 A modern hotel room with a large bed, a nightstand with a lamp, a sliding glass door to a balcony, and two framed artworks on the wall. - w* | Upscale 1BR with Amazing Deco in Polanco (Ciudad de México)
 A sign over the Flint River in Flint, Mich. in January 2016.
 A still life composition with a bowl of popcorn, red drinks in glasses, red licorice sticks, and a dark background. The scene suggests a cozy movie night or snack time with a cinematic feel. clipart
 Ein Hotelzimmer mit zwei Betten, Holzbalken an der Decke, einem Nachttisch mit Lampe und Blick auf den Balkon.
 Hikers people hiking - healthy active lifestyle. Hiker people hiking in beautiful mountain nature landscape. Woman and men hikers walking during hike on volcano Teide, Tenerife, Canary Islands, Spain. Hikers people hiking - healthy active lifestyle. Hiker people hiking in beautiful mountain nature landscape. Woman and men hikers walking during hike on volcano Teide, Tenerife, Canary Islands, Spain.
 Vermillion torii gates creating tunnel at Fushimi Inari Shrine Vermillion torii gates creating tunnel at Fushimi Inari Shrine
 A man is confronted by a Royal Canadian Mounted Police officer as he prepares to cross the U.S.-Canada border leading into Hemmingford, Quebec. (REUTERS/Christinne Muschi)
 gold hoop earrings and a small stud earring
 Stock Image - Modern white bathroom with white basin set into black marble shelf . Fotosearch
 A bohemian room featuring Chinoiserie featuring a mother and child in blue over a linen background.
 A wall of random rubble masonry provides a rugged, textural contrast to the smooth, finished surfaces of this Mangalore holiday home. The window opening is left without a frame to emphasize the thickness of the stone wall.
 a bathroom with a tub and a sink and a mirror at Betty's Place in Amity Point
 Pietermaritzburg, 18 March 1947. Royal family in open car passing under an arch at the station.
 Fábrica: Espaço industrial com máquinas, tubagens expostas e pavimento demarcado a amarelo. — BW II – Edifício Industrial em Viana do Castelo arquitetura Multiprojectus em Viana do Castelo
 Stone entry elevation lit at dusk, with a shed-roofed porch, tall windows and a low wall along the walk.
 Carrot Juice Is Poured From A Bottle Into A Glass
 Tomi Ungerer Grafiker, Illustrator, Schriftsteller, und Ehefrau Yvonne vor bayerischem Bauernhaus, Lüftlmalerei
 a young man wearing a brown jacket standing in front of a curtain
==============================
WORK REQUIRED. Restate word for word the lines in the material above from the one with "A still life" to the one with "A bohemian room"; both of those lines count, and nothing else does.

OUTPUT.
 A still life composition with a bowl of popcorn, red drinks in glasses, red licorice sticks, and a dark background. The scene suggests a cozy movie night or snack time with a cinematic feel. clipart
 Ein Hotelzimmer mit zwei Betten, Holzbalken an der Decke, einem Nachttisch mit Lampe und Blick auf den Balkon.
 Hikers people hiking - healthy active lifestyle. Hiker people hiking in beautiful mountain nature landscape. Woman and men hikers walking during hike on volcano Teide, Tenerife, Canary Islands, Spain. Hikers people hiking - healthy active lifestyle. Hiker people hiking in beautiful mountain nature landscape. Woman and men hikers walking during hike on volcano Teide, Tenerife, Canary Islands, Spain.
 Vermillion torii gates creating tunnel at Fushimi Inari Shrine Vermillion torii gates creating tunnel at Fushimi Inari Shrine
 A man is confronted by a Royal Canadian Mounted Police officer as he prepares to cross the U.S.-Canada border leading into Hemmingford, Quebec. (REUTERS/Christinne Muschi)
 gold hoop earrings and a small stud earring
 Stock Image - Modern white bathroom with white basin set into black marble shelf . Fotosearch
 A bohemian room featuring Chinoiserie featuring a mother and child in blue over a linen background.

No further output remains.